Nevertheless, she dreaded the day she had to sit her youngest child down and explain. She was wracked with guilt. For the rest of her life she carried a deep, unseen scar from that decision. She felt she could never make it up to him. Even when Rhett wrote to her many years later and told her he had forgiven her, she still couldn’t get over it.
The day came in late 1974. I think it was September. Michael was fourteen. After the boys went off to school, some movers came to help Mother pack extra clothing, special keepsakes such as Michael’s dogeared copies of Theodore Taylor’s The Cay and Walt Morey’s Gentle Ben, and small pieces of furniture that she and Michael didn’t want to leave behind. They were going into storage.
She had no illusions that Kell would still be at our Belrose home, with Rhett, when she and Michael returned. After all, they’d moved a dozen times in the last sixteen years.
When Rhett arrived home from school she sat him down and calmly told him her plan. Of course he erupted into tears and begged her to take him too. She promised she would send for him shortly and asked him to be good for his father. She assured him she loved him and would miss him and it wouldn’t be long before she could send for him.
Michael arrived home and calmly changed, put the last of his toiletries in his bag and laid his uniform out on his bed. By this stage he had changed schools to Davidson High. Our Aunt Maureen, Mother’s sister, arrived to drive them to the airport. It was a quiet ride. Rhett was naturally distressed.
When it came time to depart through customs, Michael said his goodbyes and told his brother he would see him soon.
‘I promise I’ll be good if you take me,’ Rhett cried out to Mother.
‘Be good for Dad, and it will only be a couple of months before I send for you.’ She looked at her youngest son’s face and wanted to turn back but it was too late. Her heart was breaking as she realised what she was about to do.
Michael was the only one not crying now. He hugged Maureen, then Rhett again, telling his brother he’d see him in Los Angeles, and walked through the gates. He stopped and turned around.

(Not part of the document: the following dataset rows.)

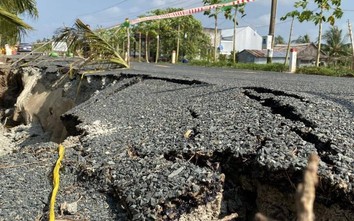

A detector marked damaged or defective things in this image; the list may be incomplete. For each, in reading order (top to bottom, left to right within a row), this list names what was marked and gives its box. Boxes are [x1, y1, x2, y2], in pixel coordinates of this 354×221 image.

damaged roadway [0, 59, 352, 220]
cracked asphalt road [0, 61, 354, 220]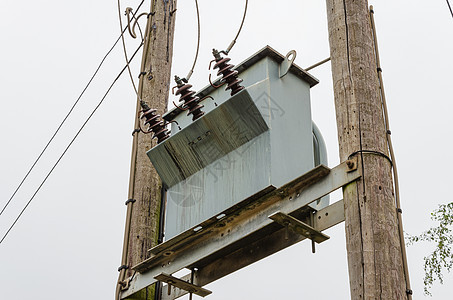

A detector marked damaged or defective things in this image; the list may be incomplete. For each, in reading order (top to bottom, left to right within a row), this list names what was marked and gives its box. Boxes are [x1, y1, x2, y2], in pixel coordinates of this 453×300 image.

rusty metal bracket [268, 211, 328, 244]
rusty metal bracket [154, 274, 212, 296]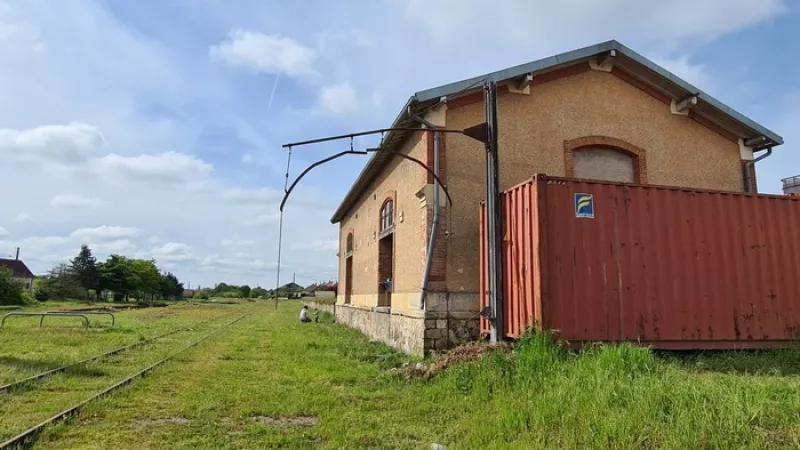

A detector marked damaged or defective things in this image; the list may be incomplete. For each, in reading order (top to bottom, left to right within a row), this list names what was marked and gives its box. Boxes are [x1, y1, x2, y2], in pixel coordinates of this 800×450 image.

rust stain on container [484, 175, 800, 348]
rusty rail [0, 314, 248, 448]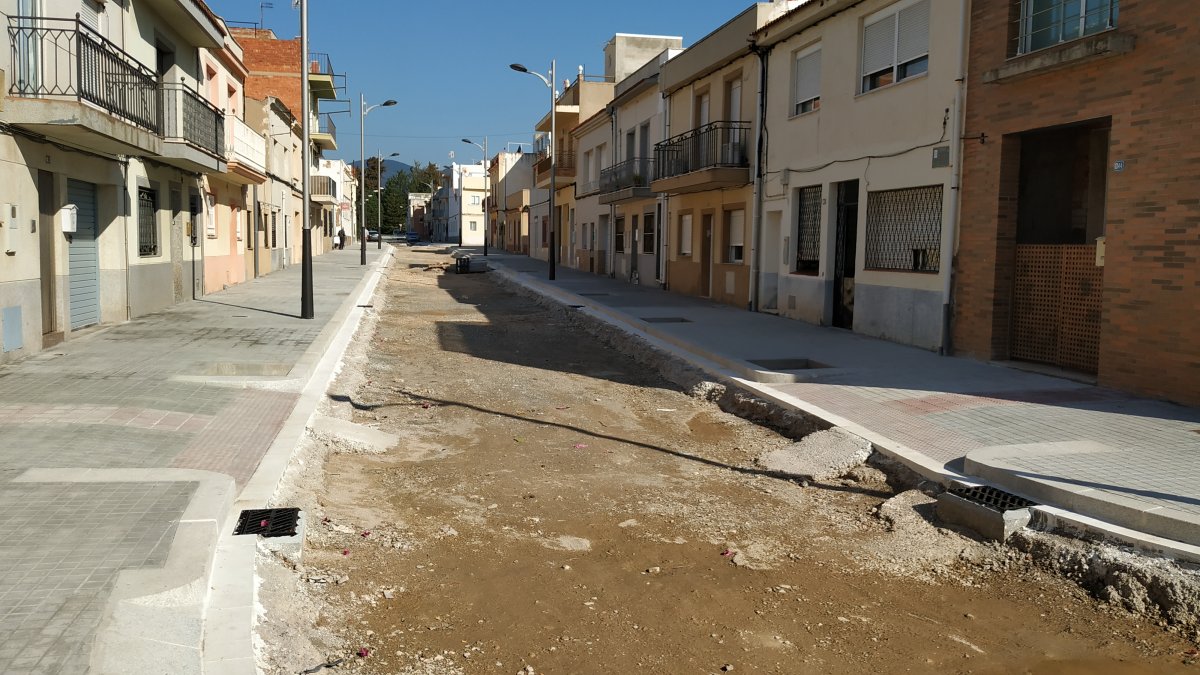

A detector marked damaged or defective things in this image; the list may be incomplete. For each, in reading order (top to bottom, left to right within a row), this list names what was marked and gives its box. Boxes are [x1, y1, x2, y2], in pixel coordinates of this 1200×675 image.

broken concrete slab [758, 425, 873, 478]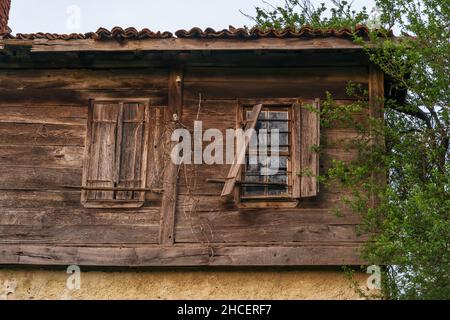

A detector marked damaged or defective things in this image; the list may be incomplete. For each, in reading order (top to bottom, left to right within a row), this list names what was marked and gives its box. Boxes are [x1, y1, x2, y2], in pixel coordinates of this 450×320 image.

broken wooden shutter [81, 102, 118, 201]
broken wooden shutter [221, 104, 264, 196]
broken wooden shutter [292, 99, 320, 198]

‘Come on, Mum,’ he said, waving her on, ‘if we’re going, let’s go.’ Mother gave her sister and Rhett one last, tearful hug each and followed Michael out of sight.
I’d taken a great gamble going to California in December 1970 to pursue a career in make-up artistry. I’d married and had a son, Brent.

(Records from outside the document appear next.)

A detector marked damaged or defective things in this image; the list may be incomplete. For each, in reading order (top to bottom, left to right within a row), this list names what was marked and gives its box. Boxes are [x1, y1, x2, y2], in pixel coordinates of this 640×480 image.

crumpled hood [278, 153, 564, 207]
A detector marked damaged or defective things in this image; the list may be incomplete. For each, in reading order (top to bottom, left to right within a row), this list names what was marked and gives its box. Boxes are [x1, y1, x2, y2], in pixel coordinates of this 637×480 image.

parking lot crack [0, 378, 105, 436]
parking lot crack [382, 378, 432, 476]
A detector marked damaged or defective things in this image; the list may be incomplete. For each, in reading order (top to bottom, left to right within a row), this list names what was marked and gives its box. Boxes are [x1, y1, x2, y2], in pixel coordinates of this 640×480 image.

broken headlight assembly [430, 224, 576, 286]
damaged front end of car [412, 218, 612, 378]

I was fast asleep when I was jarred awake by the phone ringing so loudly on my nightstand it jumped and so did I. Before I could say hello I heard an extremely emotional, inebriated Kell sobbing loudly in my ear.
‘She’s left me and taken my Michael, is he there?’
I tried to calm him down. Surely he was confused. I could hear a glass clink in the background.
‘Dad? What? What are you talking about? Why would Mother and Michael be with me? Dad, I’m in California.’
I guess it was understandable for Kell to feel convinced Mother would have confided to me such a major plan as leaving him and taking Michael overseas, especially if she were coming to California. She told me later that she wanted to spare me from the worry. I’m glad she did. But I don’t think Kell believed me at first when I said I didn’t know a thing.
Though incoherent through much of the conversation, he was able to give me the basics of what had gone down. I asked about Rhett, urging Kell to take care of him. I would let him know the moment I heard from Michael and Mother, I assured him.
I will never forget Kell’s words. Not just ‘Michael’, but ‘my Michael’. Perhaps my stepfather might, I meditated sadly, now trade some of that angst for a long overdue, more intimate relationship with our younger brother.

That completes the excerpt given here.